Pictures with short captions:
------------------------

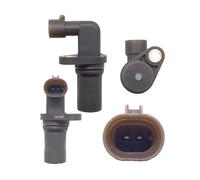 WAGNER SENSOR, CRANKSHAFT PULSE | CRS00354 | FOR ALFA ROMEO:147 00>10 | OE-MATCHING QUALITY | RELIABLE PERFORMANCE
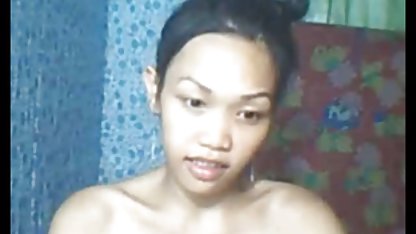 Lucu gadis muda seks japan porn terbaru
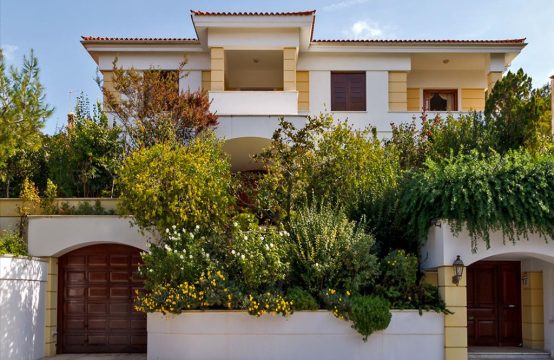 For Sale &#8211; Villa 1200 m²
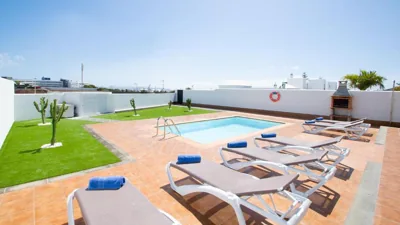 Blancazul Brisa Marina — foto 4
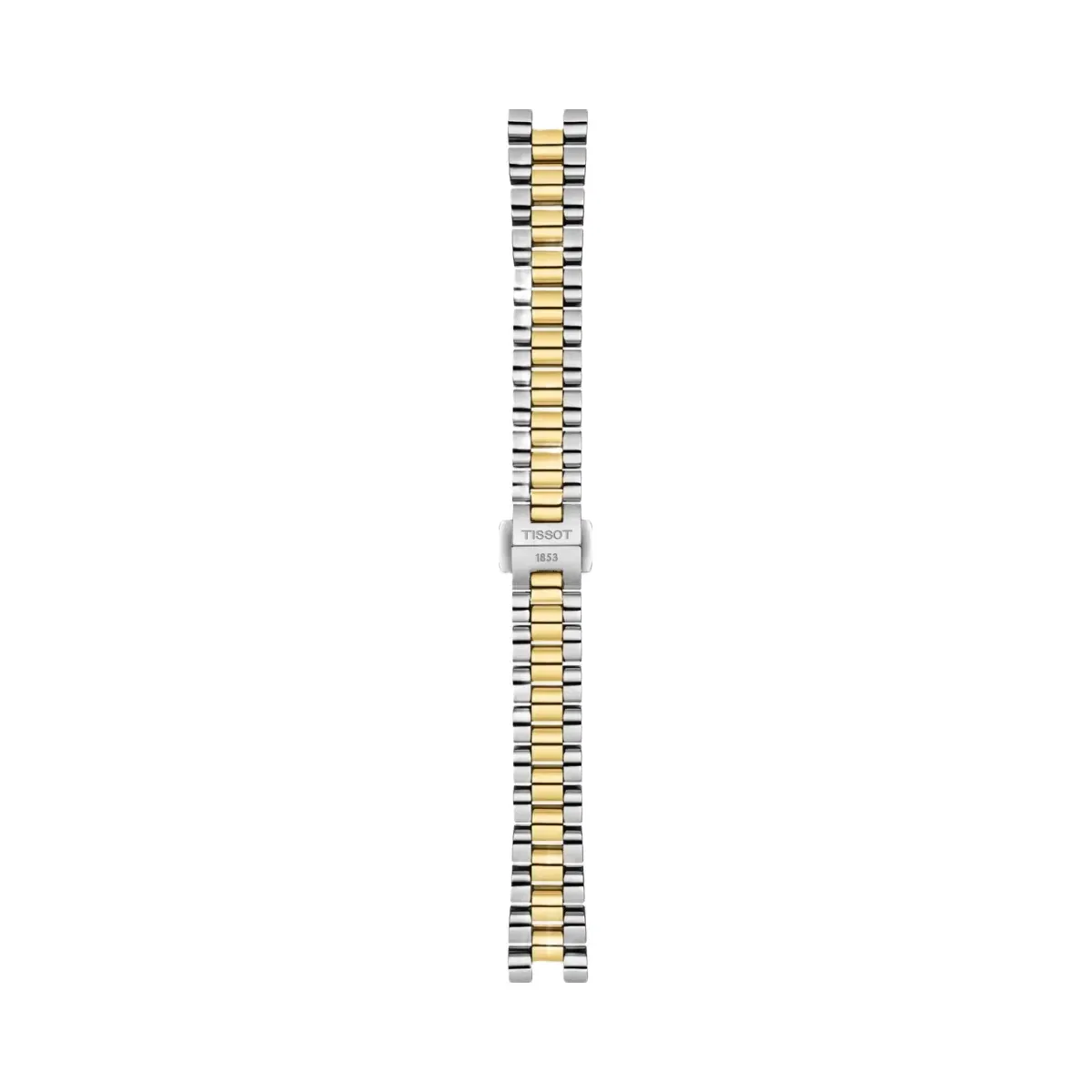 Tissot Desir 28Mm T1520102211801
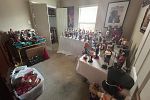 Sale Photo Thumbnail #19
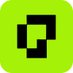 Pic Copilot (@piccopilot) Twitter profile photo Pic Copilot (@piccopilot) Twitter profile photo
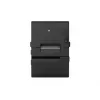 Epson TM-H6000VI 180 x 180 DPI vadu un bezvadu termālais POS printeris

------------------------

Only the lines from the one with "Sale Photo Thumbnail #19" through the final line of the data should be written out, exactly and including both ends. Skip the pictures.

▶ _Answer for the task_
 Sale Photo Thumbnail #19
 Pic Copilot (@piccopilot) Twitter profile photo Pic Copilot (@piccopilot) Twitter profile photo
 Epson TM-H6000VI 180 x 180 DPI vadu un bezvadu termālais POS printeris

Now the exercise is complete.